• **WHAT IS NEEDED**
Below are records with pictures. Reproduce exactly the lines from the line with "Bitcoin on a" to the line with "a swimming pool", inclusive, and leave each picture out.

• **DATA TO USE**
________________________

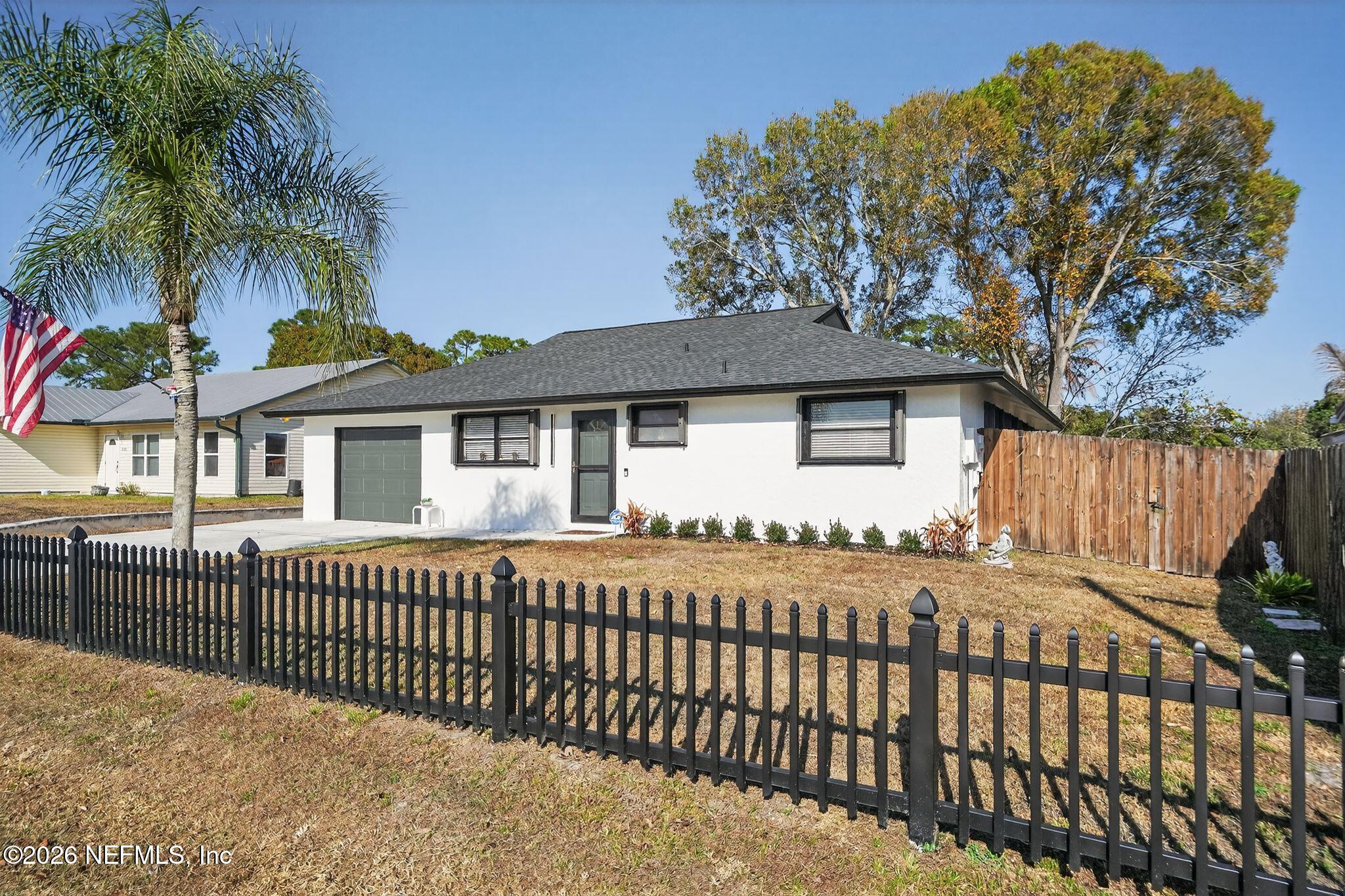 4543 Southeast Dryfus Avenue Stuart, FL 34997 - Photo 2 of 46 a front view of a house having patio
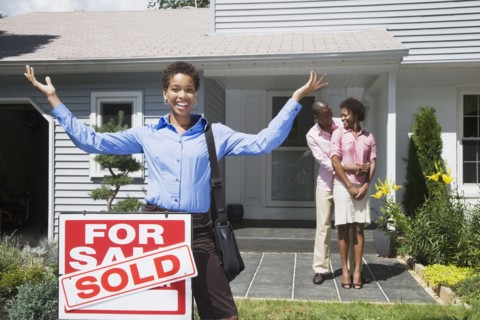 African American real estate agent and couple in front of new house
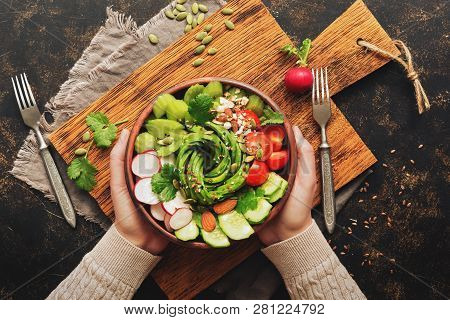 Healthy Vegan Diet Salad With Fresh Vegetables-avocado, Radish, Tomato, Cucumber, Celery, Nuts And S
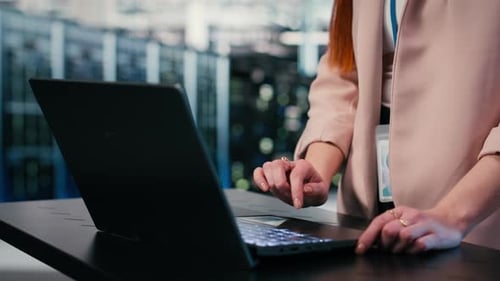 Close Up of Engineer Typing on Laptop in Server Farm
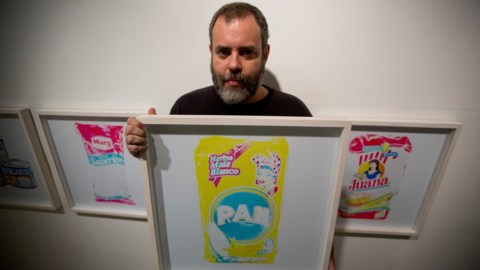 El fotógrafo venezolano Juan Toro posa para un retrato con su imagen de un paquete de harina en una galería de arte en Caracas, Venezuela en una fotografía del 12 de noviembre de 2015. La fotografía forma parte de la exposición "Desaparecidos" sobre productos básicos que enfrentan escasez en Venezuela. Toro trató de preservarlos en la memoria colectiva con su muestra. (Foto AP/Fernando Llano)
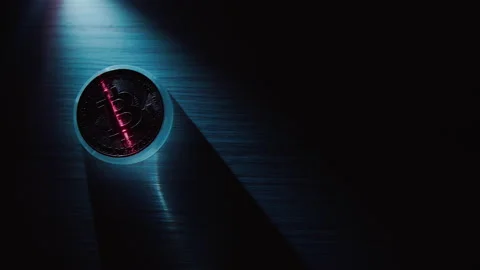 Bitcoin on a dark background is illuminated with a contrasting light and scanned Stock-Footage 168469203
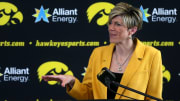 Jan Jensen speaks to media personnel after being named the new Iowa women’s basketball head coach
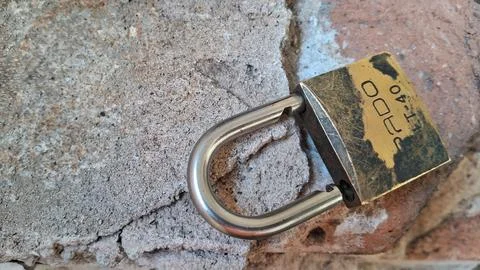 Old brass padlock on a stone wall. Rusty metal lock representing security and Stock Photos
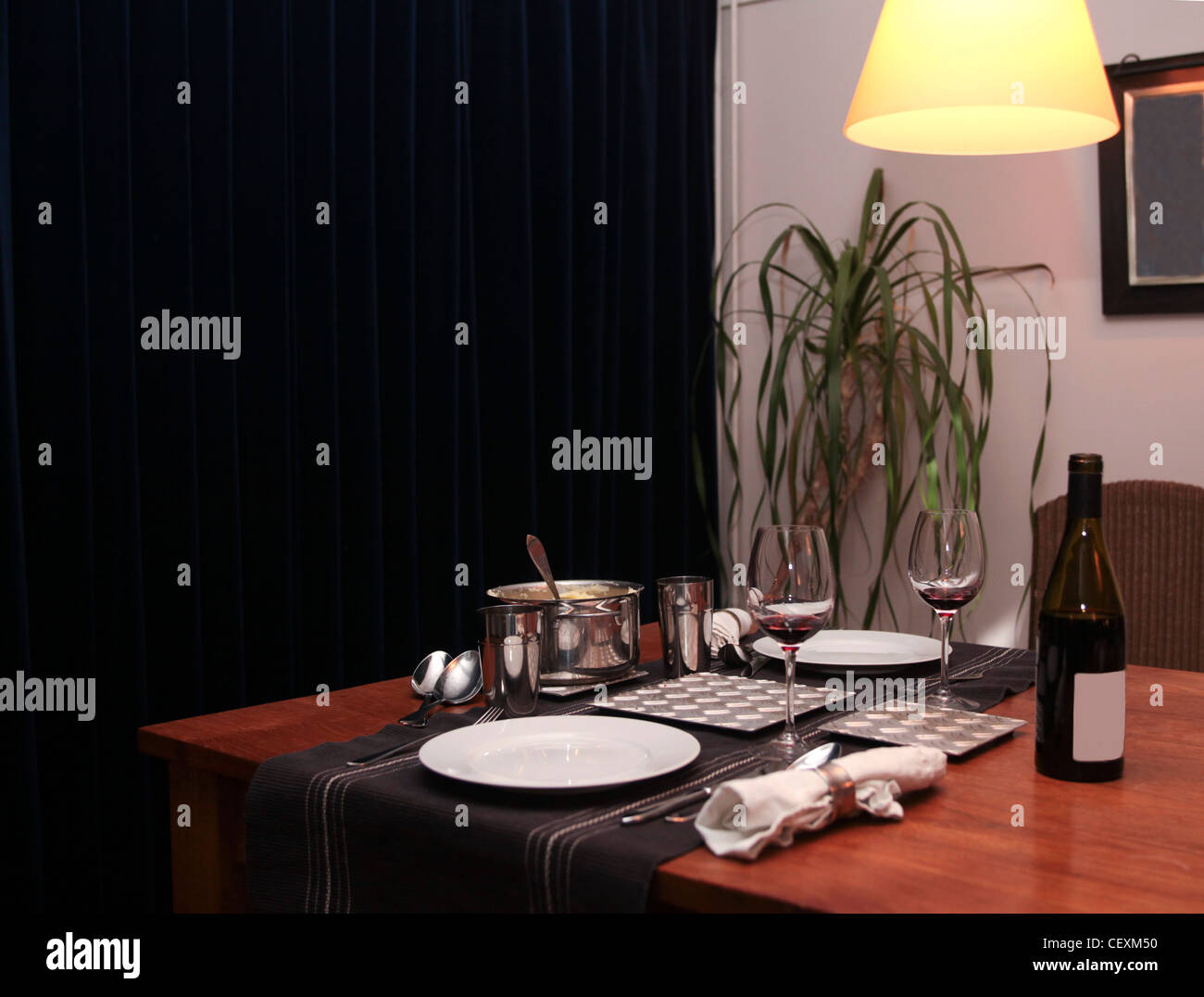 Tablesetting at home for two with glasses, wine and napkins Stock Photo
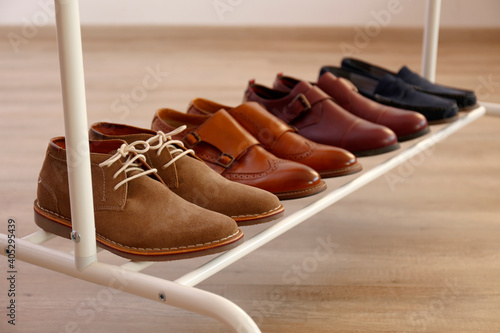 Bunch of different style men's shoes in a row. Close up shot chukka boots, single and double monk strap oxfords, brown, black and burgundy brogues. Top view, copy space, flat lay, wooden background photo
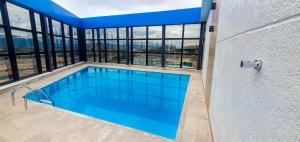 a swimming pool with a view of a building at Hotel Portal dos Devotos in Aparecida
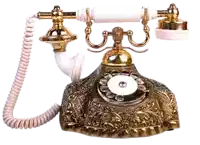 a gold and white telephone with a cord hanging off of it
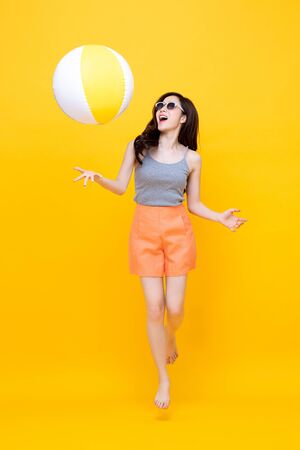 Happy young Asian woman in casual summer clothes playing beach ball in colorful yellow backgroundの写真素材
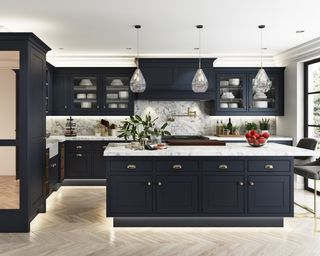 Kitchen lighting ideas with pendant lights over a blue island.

________________________

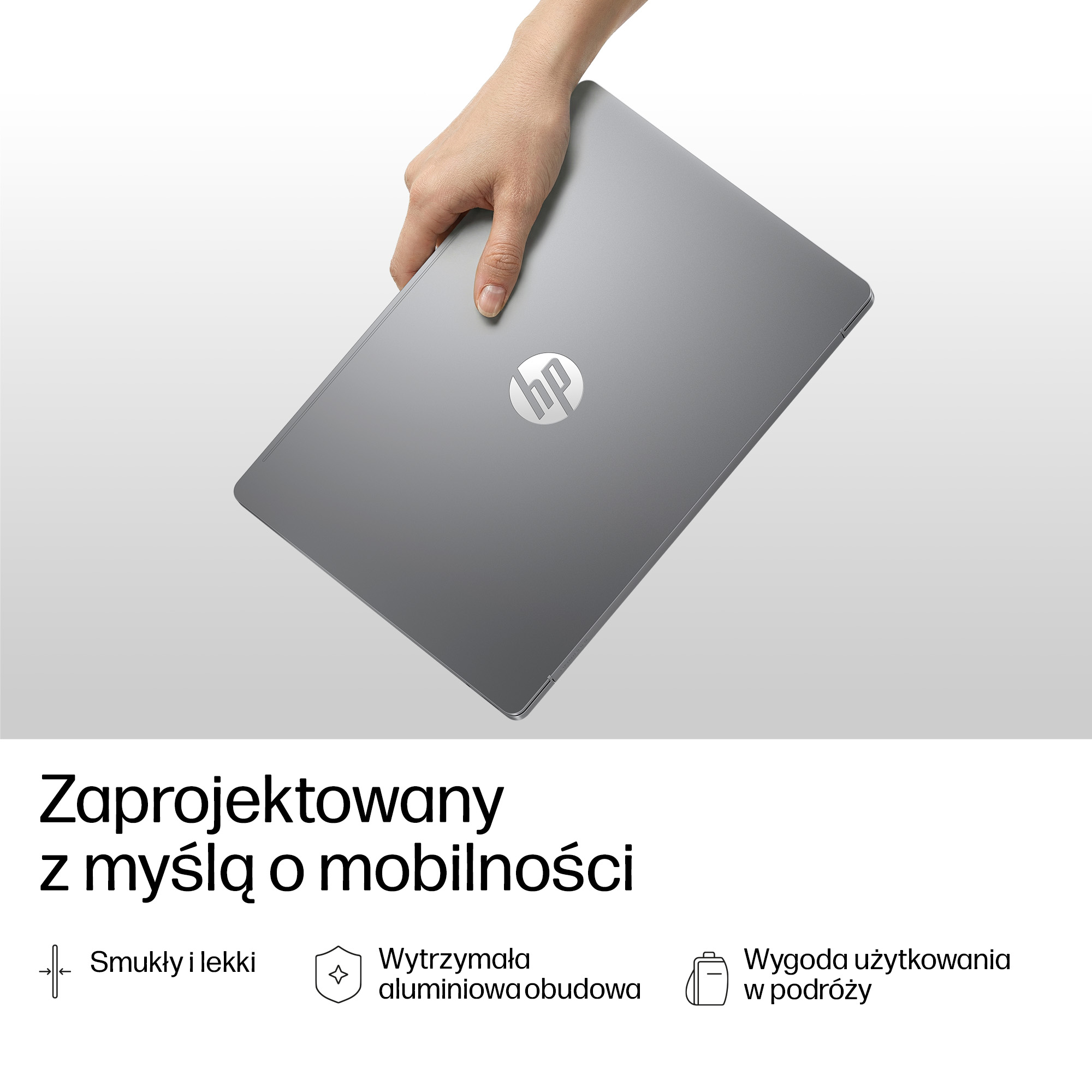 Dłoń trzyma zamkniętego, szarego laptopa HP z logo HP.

________________________

• **YOUR RESPONSE**
 Bitcoin on a dark background is illuminated with a contrasting light and scanned Stock-Footage 168469203
 Jan Jensen speaks to media personnel after being named the new Iowa women’s basketball head coach
 Old brass padlock on a stone wall. Rusty metal lock representing security and Stock Photos
 Tablesetting at home for two with glasses, wine and napkins Stock Photo
 Bunch of different style men's shoes in a row. Close up shot chukka boots, single and double monk strap oxfords, brown, black and burgundy brogues. Top view, copy space, flat lay, wooden background photo
 a swimming pool with a view of a building at Hotel Portal dos Devotos in Aparecida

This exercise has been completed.